Web Only / Features » October 25, 2012
Our Political Pravda
With the election approaching, Americans are being spun like pinwheels, and media fact-checkers are struggling to keep up.
With less than two weeks to go before the elections, dark-money groups—Super PACs and 501(c)4s funded mostly by Republican backers—are hitting voters with propaganda flashier and more sophisticated than that of the old Soviet news organization Pravda.
It's 2:05 p.m. on a Friday. My phone rings. “Hello, this is Crossroads GPS calling. Elizabeth Warren says she's a champion of the middle class, but did you know…” Blah, blah, blah.
I hang up. I know what Crossroads GPS is: the 501(c)4 arm of Karl Rove's Super PAC, American Crossroads. I know its agenda is to make sure the Senate goes to the Republicans in November. Since Elizabeth Warren is challenging Massachusetts Republican Sen. Scott Brown, I know that whatever Rove’s caller is saying about her is probably 100 percent baloney.
But would my mother know Crossroads’ agenda well enough to hang up the phone, or to mute a Crossroads-funded commercial? My guess is that most people in the United States have no idea what American Crossroads is, or what a Super PAC is for that matter, and yet their political views are increasingly swayed by such groups. Both Kantar Media’s Campaign Media Analysis Group and a Wells Fargo analyst have projected political advertising spending to exceed $3.3 billion this year, a record.
The traditional role of the media, the Fourth Estate, is to offset propaganda with cold hard facts. So how are the media countering Super PACs’ influence on voters?
Last month, the media-policy group Free Press published a report on political programming, called “Left in the Dark.” The report looks at whether TV news programs that run political ads are balancing them with coverage of the role money is playing in this year’s elections.
The report focused on five mid-market media cities: Charlotte, Cleveland, Las Vegas, Milwaukee and Denver. It found that in August, election-related advertising increased in all five markets, providing viewers with a steady stream of political propaganda. For instance, the Tampa affiliates of the big four networks–ABC, CBS, NBC and Fox—aired an average of 200 political ads per day in the month leading up to the Republican National Convention.
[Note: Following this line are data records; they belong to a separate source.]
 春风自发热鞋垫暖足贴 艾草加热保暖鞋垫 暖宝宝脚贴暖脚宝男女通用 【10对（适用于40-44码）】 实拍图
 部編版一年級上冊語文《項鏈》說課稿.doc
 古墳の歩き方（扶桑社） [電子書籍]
To its credit, Tampa station WTSP, a CBS affiliate, thoroughly fact-checked an ad by Koch brothers-funded 501(c)4 Americans for Prosperity that had aired locally. The WTSP segment featured PolitiFact Florida’s Katie Sanders, who found that the ad made false claims about President Obama and the national debt. “On the Truth-o-Meter this got a false,” Sanders told WTSP co-anchor Heather Van Nest.
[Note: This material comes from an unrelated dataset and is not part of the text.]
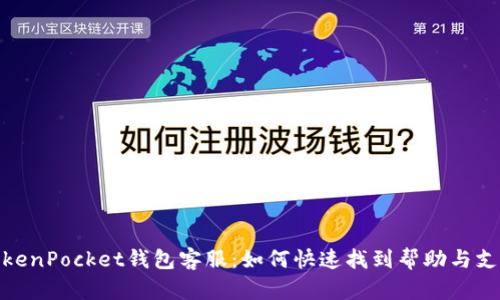 TokenPocket钱包客服：如何快速找到帮助与支持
But in Wisconsin, the hundreds of hours of local news that aired in the two weeks prior to the June 5 recall vote included no stories on the 17 groups most actively buying political-ad time on Milwaukee’s news channels. Yet these stations found time to air 53 local news segments on Justin Bieber.
Cleveland’s four affiliate stations have provided no coverage of the GOP-lovin’ Americans for Prosperity, despite airing the group’s anti-Obama attack ads more than 500 times. Americans for Prosperity has reportedly spent more than $1.5 million to place ads on Cleveland television stations, according to the Free Press. In total, between April 11 and October 17, Americans for Prosperity spent $36 million on roughly 51,000 anti-Democrat ads, according to Kantar Media’s Campaign Media Analysis Group.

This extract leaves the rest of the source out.